3. La aplicación al presente caso de la doctrina expuesta conduce directamente al otorgamiento del amparo. En efecto, la inadmisión liminar del procedimiento de habeas corpus instado por el Letrado don José Luis Martínez Hens, actuando en nombre y representación de don Hans Dynesen, entra en abierta contradicción con la interpretación que de los requisitos sobre legitimación hemos efectuado en el ATC 55/1996, de 6 de marzo, y en la STC 224/1998, de 24 de noviembre, en aras de la efectividad del contenido esencial de esta garantía procedimental especial dispuesta por el constituyente en aras de la preservación de la libertad personal. Tanto más cuanto que el mencionado Letrado actuaba apoderado por su defendido, como así acreditó mediante la aportación al Juzgado de la correspondiente copia de escritura de poder general para pleitos. Si alguna duda albergaba el Juez acerca de la voluntad del detenido en dependencias policiales de acudir al procedimiento de habeas corpus, lo pertinente hubiera sido requerir su comparecencia personal pues la inadmisión a limine acordada representa un desfallecimiento del Juez en la función que como “guardián de la libertad personal” le atribuye nuestro texto constitucional (art. 17.1 y 4 CE).

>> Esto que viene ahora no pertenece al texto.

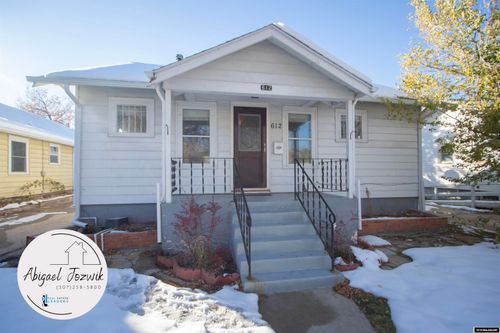 612 S Mckinley Street, Casper, WY, 82601 | Card Image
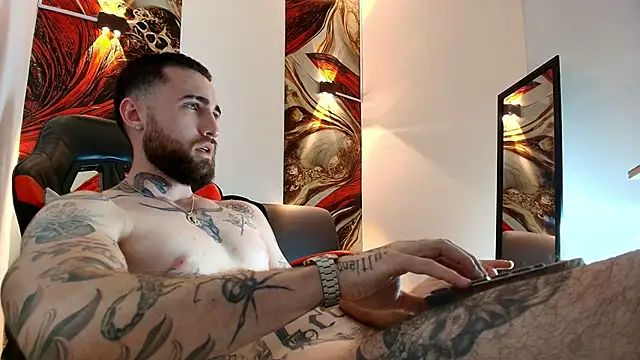 Luke_davis01 webcam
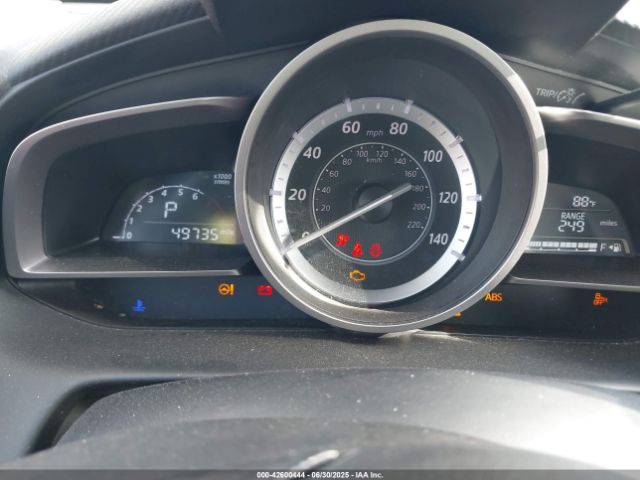 2017 MAZDA CX-3 JM1DKDC74H0169669 Photo 6
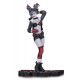 DC Comics APR160452 Harley Quinn Red White & Black Statue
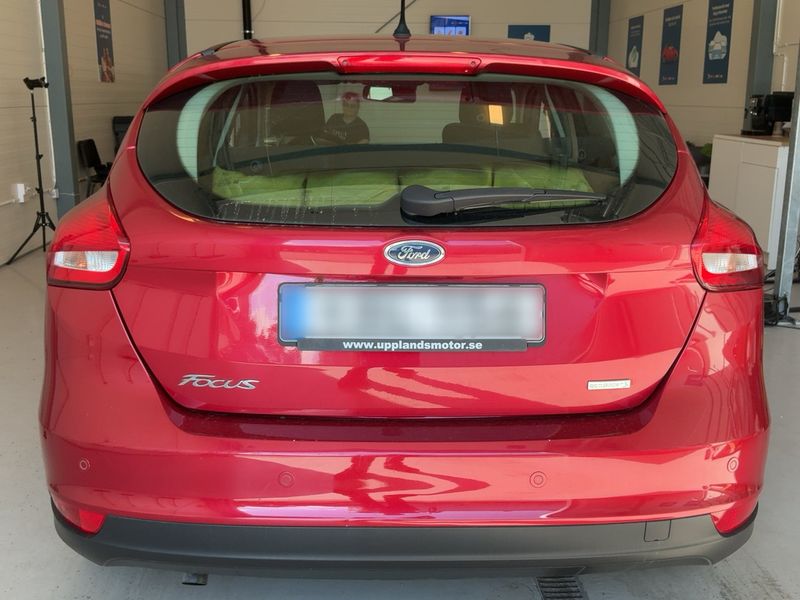Ford Focus 1.0 EcoBoost Titanium 2015 – снимка 7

4. El otorgamiento del amparo debe conllevar, según indica el Ministerio Fiscal en su escrito de alegaciones, la anulación del Auto del Juzgado de Primera Instancia e Instrucción núm. 2 de Fuengirola de 14 de mayo de 2002. Sin embargo, no procede la retroacción de actuaciones al momento en que se materializó la vulneración del derecho fundamental puesto que, al no encontrarse ya el recurrente en situación de privación de libertad, no se cumpliría el presupuesto necesario para que el órgano judicial pudiera decidir acerca de la admisión a trámite del procedimiento de habeas corpus, según hemos venido declarando desde la STC 31/1985, de 5 de marzo, FJ 4 (en idéntico sentido, entre otras, SSTC 12/1994, de 17 de enero, FJ 7; 154/1995, de 24 de octubre, FJ 6, y 288/2000, de 27 de noviembre, FJ 8).

F A L L O

En atención a todo lo expuesto, el Tribunal Constitucional, POR LA AUTORIDAD QUE LE CONFIERE LA CONSTITUCIÓN DE LA NACIÓN ESPAÑOLA,

Ha decidido

Otorgar el amparo solicitado por don Hans Dynesen y, en consecuencia:

1º Declarar que se ha vulnerado el derecho del demandante a la libertad personal al ser rechazado a limine el recurso de habeas corpus interpuesto (art. 17.4 CE).

2º Restablecerlo en su derecho y, a tal fin, anular el Auto del Juzgado de Primera Instancia e Instrucción núm. 2 de Fuengirola de 14 de mayo de 2002.

Publíquese esta Sentencia en el “Boletín Oficial del Estado”.

Madrid, a veinticuatro de marzo de dos mil tres.